IHBAS director Dr Nimesh Desai said these figures were “misleading”.

Written by Pritha Chatterjee | New Delhi | Published: April 17, 2014 1:17:26 am

In the last five years, over 400 patients “disappeared” or went missing from the Delhi government’s Institute of Human Behaviour and Allied Sciences (IHBAS) in East Delhi, data provided by the hospital in response to an RTI shows.

According to the data, 420 patients had “disappeared” since 2009 — the highest number of “disappearances” was 121 patients in 2010 and the least, last year at 60 patients.

In the same period, 18 lakh patients were treated at the hospital.

IHBAS director Dr Nimesh Desai said these figures were “misleading”. “For the last 10 years, we have distinguished between the concept of ‘escaped’ and ‘absconding’ patients on the advise of our board of advisors, a body of experts mandated by the Mental Health Act of 197. For patients sent to us from Tihar Jail or by magisterial orders, we use the term ‘escaped’ if they leave during treatment since we are accountable to the authorities concerned and we follow all due legal processes for this category.”

However, for the last five years, the data of “escaped” patients from this category is less than 0.1 per cent — one patient in 2010 and three in 2013, for example.

Dr Desai said bulk of the patients included in the RTI reply were walk-in, regular patients, who were, therefore, “absconding” rather than having “escaped”.

“Our hospital wards are treated like any other hospital, so if some patient simply walks out without informing his or her guardians or hospital authorities, he or she can do so and that is a basic human right of patients. It happens in all hospitals across specialties and we don’t believe IHBAS should be treated any differently,” Dr Desai said.

The data in this category (included in the RTI reply), he said, was still less than 2.5 per cent of hospital admissions in the last five years — “at par with any regular hospital of any specialty”.

The third category — which is patients who Leave Against Medical Advice (LAMA) (which has not been included in the RTI reply) — are those patients, who “give their signed consent stating they do not want to follow the treatment”, and leave the hospital after informing the authorities.
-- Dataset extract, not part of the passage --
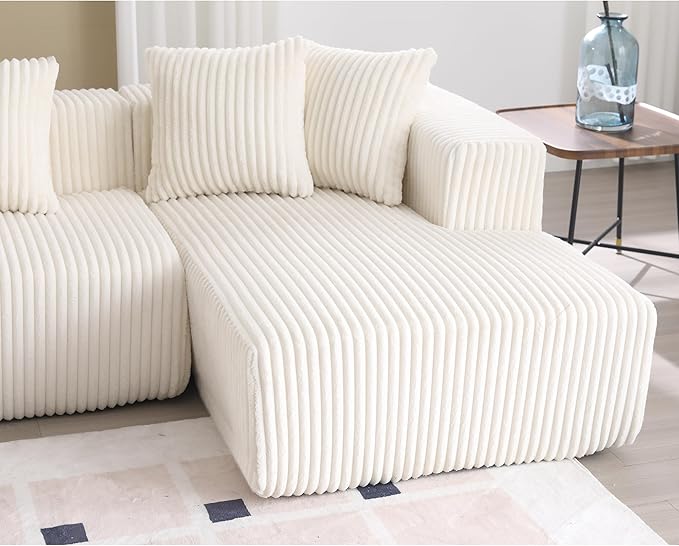Free Combination Cloud Boneless Modular Sectional Sofa with Chaise Lounge,Modern Minimalist Upholstered Couches, Oversized U Shaped Lounge Sofa Couch w/ 8 Pillows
IHBAS authorities told Newsline that with LAMA patients being less than 3-4 per cent of total admissions, the data for this category was similar to data from other hospitals.

According to activist Raj Hans Bansal who filed the RTI with IHBAS, of 43 government mental health hospitals in the country, IHBAS was the only institution, which replied to his queries.
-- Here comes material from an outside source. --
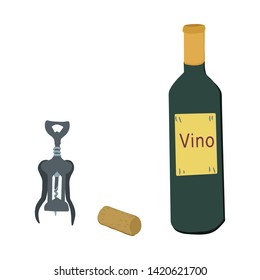 Hand drawn wing corkscrew with bottle of wine illustration on white background. Vector illustration.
“While it is appreciable that IHBAS is managing such a huge load of patients, 420 patients going missing in five years is worrying in a mental health hospital since unlike other ailments, psychiatric patients may not be in a position to choose what is best for them. Therefore, such hospitals may need special security arrangements,” he said.

“We have achieved what the SC had mandated 10 years ago — changing a mental health institution from a custodial institution — except perhaps for those people who are sent to us by judicial authorities. It is a hospital like any other. I do not agree with the viewpoint that mental health patients need to be watched any differently, this is the basic principle of the open approach to mental health reforms,” Dr Desai said.

Dr Desai added that security guards and attendants were being provided at the hospital on government funds for high-risk patients, who seemed suicidal or prone to running away.